I want to make beautiful work. I want to make work that’s inspiring. There is enough ugliness in the world. I don’t really want to reflect on that in my work. I want to reflect on something that takes you beyond that. Liz Williams 2016
Anyone who knew Liz Williams will remember her charming, charismatic and gentle nature. She was an astute observer of life and possessed a fine intellect, but lived life with the vitality and curiosity of a child—a true enthusiast who seized every opportunity for new experiences.
Liz died in March after being diagnosed with pancreatic cancer just after Christmas. When I last spoke with her she was philosophical and resolute, and commented that she was neither angry nor bitter because she had lived a great and fulfilling life and had done all she wanted to do.

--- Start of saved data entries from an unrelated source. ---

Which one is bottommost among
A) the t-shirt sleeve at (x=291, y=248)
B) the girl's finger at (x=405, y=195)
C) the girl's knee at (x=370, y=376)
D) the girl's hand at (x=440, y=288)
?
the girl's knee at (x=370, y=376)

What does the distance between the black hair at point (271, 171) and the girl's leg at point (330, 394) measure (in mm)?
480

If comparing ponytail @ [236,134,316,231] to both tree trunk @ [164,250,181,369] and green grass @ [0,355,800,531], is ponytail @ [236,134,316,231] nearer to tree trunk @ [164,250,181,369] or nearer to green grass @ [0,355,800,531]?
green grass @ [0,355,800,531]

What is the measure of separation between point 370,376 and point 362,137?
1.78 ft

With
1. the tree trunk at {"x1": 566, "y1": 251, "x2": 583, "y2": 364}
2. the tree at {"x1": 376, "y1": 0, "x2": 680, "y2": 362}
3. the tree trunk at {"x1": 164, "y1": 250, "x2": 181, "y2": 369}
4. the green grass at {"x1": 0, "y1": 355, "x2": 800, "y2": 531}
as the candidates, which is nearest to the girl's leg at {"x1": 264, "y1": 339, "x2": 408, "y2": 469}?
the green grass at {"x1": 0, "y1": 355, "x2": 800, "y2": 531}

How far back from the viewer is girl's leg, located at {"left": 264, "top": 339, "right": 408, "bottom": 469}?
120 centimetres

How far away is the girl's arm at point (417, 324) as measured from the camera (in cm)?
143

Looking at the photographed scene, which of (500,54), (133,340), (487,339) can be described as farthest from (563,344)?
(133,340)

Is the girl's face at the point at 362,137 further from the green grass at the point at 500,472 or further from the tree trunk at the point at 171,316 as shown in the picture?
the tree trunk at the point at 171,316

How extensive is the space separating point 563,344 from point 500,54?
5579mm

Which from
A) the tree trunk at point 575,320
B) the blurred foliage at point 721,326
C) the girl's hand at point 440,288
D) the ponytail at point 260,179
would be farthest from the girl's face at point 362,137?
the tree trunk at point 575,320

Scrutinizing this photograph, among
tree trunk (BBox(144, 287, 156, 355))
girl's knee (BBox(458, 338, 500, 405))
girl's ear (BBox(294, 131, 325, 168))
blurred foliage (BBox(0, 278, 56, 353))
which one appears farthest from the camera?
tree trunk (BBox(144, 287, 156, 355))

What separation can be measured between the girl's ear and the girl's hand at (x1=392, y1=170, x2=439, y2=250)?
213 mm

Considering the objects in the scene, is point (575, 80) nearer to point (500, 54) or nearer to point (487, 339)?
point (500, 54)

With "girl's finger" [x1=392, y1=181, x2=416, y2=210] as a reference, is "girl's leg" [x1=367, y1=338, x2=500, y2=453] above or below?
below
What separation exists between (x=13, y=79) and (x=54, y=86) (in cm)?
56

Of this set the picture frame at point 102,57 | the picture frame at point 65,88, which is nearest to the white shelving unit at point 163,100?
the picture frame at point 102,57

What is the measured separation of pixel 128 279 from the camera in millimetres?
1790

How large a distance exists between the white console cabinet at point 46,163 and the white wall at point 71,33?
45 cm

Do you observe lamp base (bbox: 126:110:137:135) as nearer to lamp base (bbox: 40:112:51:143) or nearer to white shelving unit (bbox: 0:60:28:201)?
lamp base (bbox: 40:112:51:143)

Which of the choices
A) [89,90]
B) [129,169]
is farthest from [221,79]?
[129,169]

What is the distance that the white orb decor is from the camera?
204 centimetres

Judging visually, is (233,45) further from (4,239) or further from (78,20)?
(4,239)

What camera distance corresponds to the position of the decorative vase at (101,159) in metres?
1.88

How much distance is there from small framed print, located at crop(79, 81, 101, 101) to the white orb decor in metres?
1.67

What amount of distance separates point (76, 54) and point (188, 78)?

Liz was a remarkable teacher. She came to Pembroke from UniSA’s Art School in 1994. Initially terrified by the prospect of teaching young children, she soon discovered a depth in her relationship with them that took her by surprise. Her interest in children and knowledge of the way they learn was clear, and she provided her students with that important balance of gentle encouragement and rigour. Liz delighted in their achievements and they adored her. She was passionate about imparting her love of beautiful things to them so that they could begin to have real insight and understanding about creative work.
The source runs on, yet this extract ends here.